2-Birleşen dosyada davacılar arasında zorunlu dava arkadaşlığı bulunmadığı, aralarında ihtiyari dava arkadaşlığı bulunanların usul ekonomisi ilkesi dikkate alınarak birlikte dava açtıkları durumda da esasen birden fazla dava olduğu dikkate alınarak; her bir davacı yönünden lehine hükmedilen tazminat miktarına göre kendisini vekille temsil ettiren davacı lehine; reddedilen her bir dava yönünden de kendisini vekille temsil ettiren davalı lehine ayrı ayrı vekalet ücreti takdir edilmesi gerekmektedir.
Karar tarihi itibariyle yürürlükte bulunan AAÜT"nin 10. maddesinde ‘‘(1) Manevi tazminat davalarında avukatlık ücreti, hüküm altına alınan miktar üzerinden Tarifenin üçüncü kısmına göre belirlenir. (2) Davanın kısmen reddi durumunda, karşı taraf vekili yararına Tarifenin üçüncü kısmına göre hükmedilecek ücret, davacı vekili lehine belirlenen ücreti geçemez...’’ düzenlemeleri yer almaktadır.

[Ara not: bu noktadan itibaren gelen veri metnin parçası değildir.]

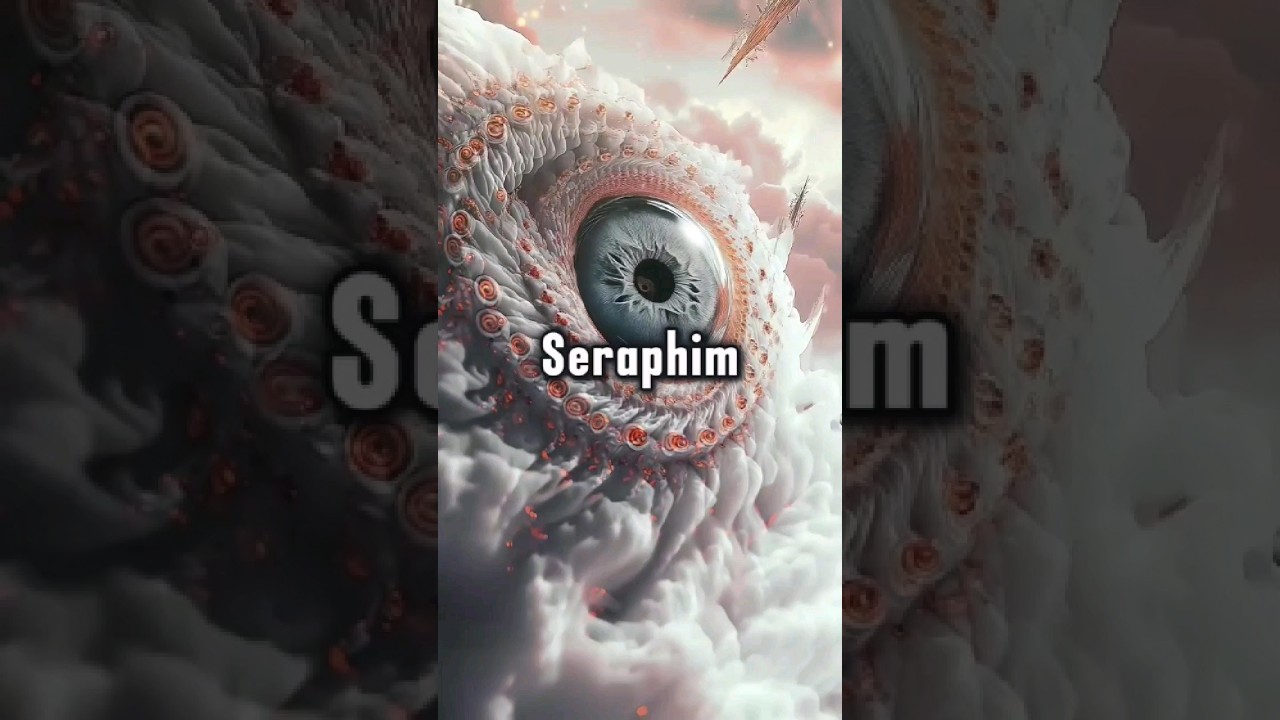 What Happens When You See a Seraphim? π₯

Somut olayda her bir davacı bakımından manevi tazminat talebi kısmen reddedildiği halde, kendisini vekil ile temsil ettiren davalı ... vekili lehine vekalet ücretine hükmedilmemesi doğru değildir. Ne var ki, vekalet ücreti konusundaki bu yanılgının giderilmesi yeniden yargılamayı gerektirmediğinden, 6100 Sayılı H.M.K.nun geçici 3/2. maddesi delaletiyle HUMK.nun 438/7. maddesi uyarınca hükmün düzeltilerek onanması gerekmiştir.

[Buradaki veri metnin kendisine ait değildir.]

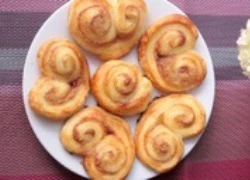 [Chế biến] - Bánh Palmier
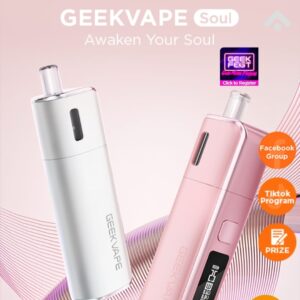 Geekvape Soul
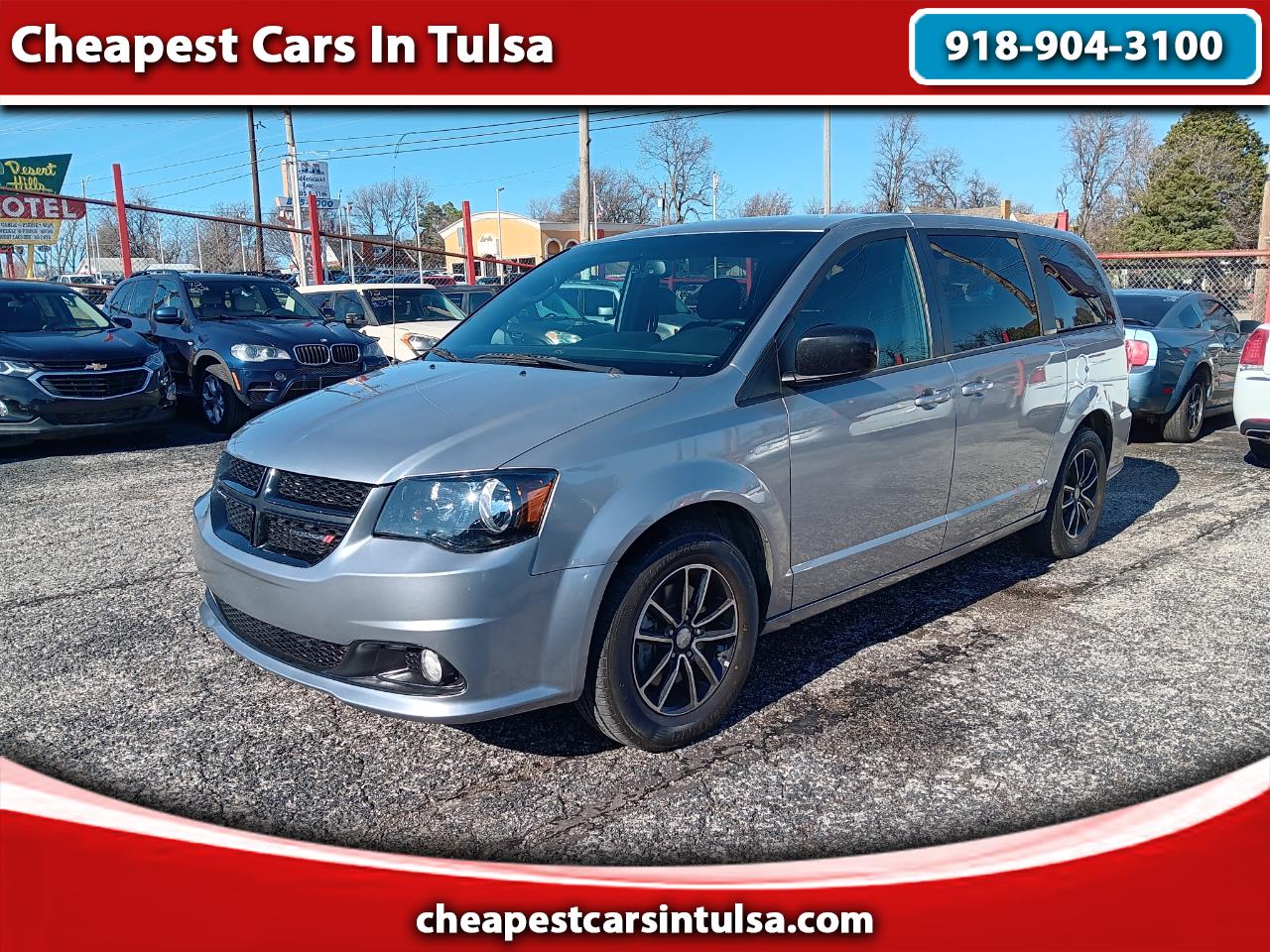 Dodge Grand Caravan SE 2018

SONUÇ: Yukarıda (1) nolu bentte açıklanan nedenlerle davalı ... vekilinin yerinde görülmeyen sair temyiz itirazlarının reddine, (2) nolu bentte açıklanan nedenlerle davalı ... vekilinin temyiz itirazlarının kabulü ile, birleşen dosyada vekalet ücretine ilişkin hüküm fıkrasının sonuna ‘‘Davalı ... vekili için hükmedilecek vekalet ücreti AAÜT 10/2. maddesi gereği davacılar lehine mahkemece belirlenen toplam 3.000,00 TL nispi vekalet ücretini geçemeyeceğinden, oranlama yapılarak davacı ...’dan dolayı 999,99 TL vekalet ücreti, davacı ...’dan dolayı 666,66 TL vekalet ücreti, davacı ...’den dolayı 666,66 TL vekalet ücreti, davacı ...’dan dolayı 666,66 vekalet ücretinin davacılardan alınarak davalı ... vekiline verilmesine,’’ ibaresinin eklenmesine ve hükmün bu şekli ile DÜZELTİLEREK ONANMASINA, peşin alınan harcın istek halinde temyiz eden davalı ..."ne geri verilmesine 09.04.2018 gününde oybirliğiyle karar verildi.